My own guess is that, in time, the new Barrick will replace the delisted Randgold on the London Stock Exchange, eliminating the Toronto listing and possibly the company’s Canadian domicile status, too. There is no doubt Mr. Bristow would like to list Barrick in London. But changing the company’s legal address might be potentially costly for tax reasons. A London listing would complete Barrick’s de-Canadianization and the hollowing out of the once thriving Canadian mining sector. The Canadian mining ecosystem – mining lawyers, deal makers, financiers, digital technicians, geologists – is already withering.
I have little doubt Mr. Bristow and his team will make money for shareholders. But what a loss for Toronto and for Corporate Canada. Could Barrick have taken another route that would have preserved its Canadian status and big head office? The answer is yes.

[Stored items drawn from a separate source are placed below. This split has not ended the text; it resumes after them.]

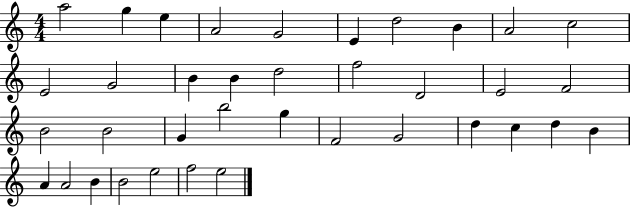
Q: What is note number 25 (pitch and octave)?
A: F4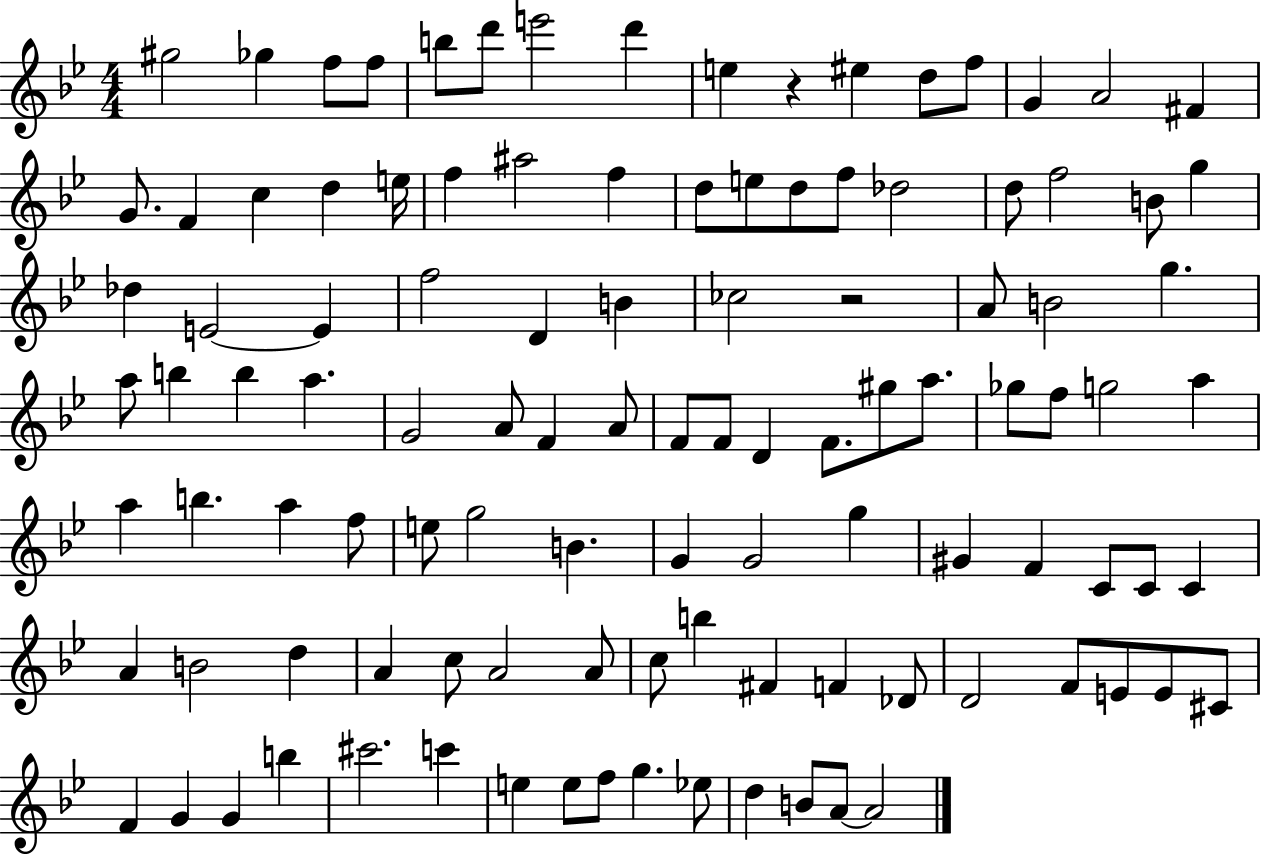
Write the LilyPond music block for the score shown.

{
  \clef treble
  \numericTimeSignature
  \time 4/4
  \key bes \major
  gis''2 ges''4 f''8 f''8 | b''8 d'''8 e'''2 d'''4 | e''4 r4 eis''4 d''8 f''8 | g'4 a'2 fis'4 | \break g'8. f'4 c''4 d''4 e''16 | f''4 ais''2 f''4 | d''8 e''8 d''8 f''8 des''2 | d''8 f''2 b'8 g''4 | \break des''4 e'2~~ e'4 | f''2 d'4 b'4 | ces''2 r2 | a'8 b'2 g''4. | \break a''8 b''4 b''4 a''4. | g'2 a'8 f'4 a'8 | f'8 f'8 d'4 f'8. gis''8 a''8. | ges''8 f''8 g''2 a''4 | \break a''4 b''4. a''4 f''8 | e''8 g''2 b'4. | g'4 g'2 g''4 | gis'4 f'4 c'8 c'8 c'4 | \break a'4 b'2 d''4 | a'4 c''8 a'2 a'8 | c''8 b''4 fis'4 f'4 des'8 | d'2 f'8 e'8 e'8 cis'8 | \break f'4 g'4 g'4 b''4 | cis'''2. c'''4 | e''4 e''8 f''8 g''4. ees''8 | d''4 b'8 a'8~~ a'2 | \break \bar "|."
}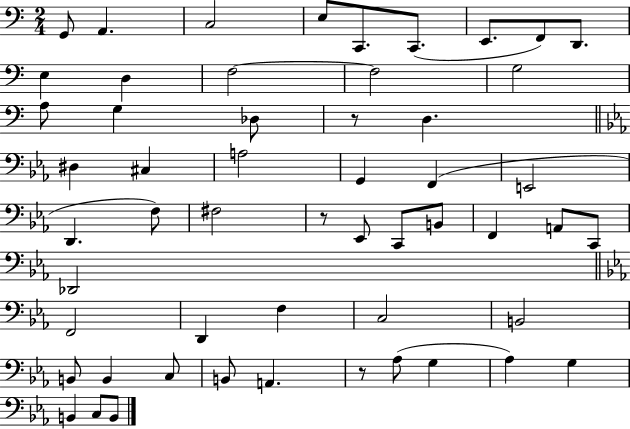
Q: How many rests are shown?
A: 3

Mr. Thornton is an investment banker, not a mining manager. His appearances in Toronto were sporadic. He seemed more concerned with eliminating managers and head office costs than building a management team that could reverse Barrick’s fortunes after its disastrous project cost overruns. As executive chairman without a CEO to challenge him, he consolidated power in his office, meaning he could pretty much do what he wanted. As Franco-Nevada’s Pierre Lassonde has pointed out, there was ample mining management talent in Canada that could have been brought together to nurture Barrick back to prosperity and solidify its hold atop the global gold-mining industry. At the same time, Mr. Thornton seemed more concerned with making deals than organic growth. Surprise – that’s what investment bankers do: They sell and buy, buy and sell. Even Mr. Bristow was bought, in effect.
Barrick will probably thrive under Mr. Bristow, a no-nonsense, results-oriented boss. But it won’t thrive as a Canadian company. Mr. Munk would not be happy.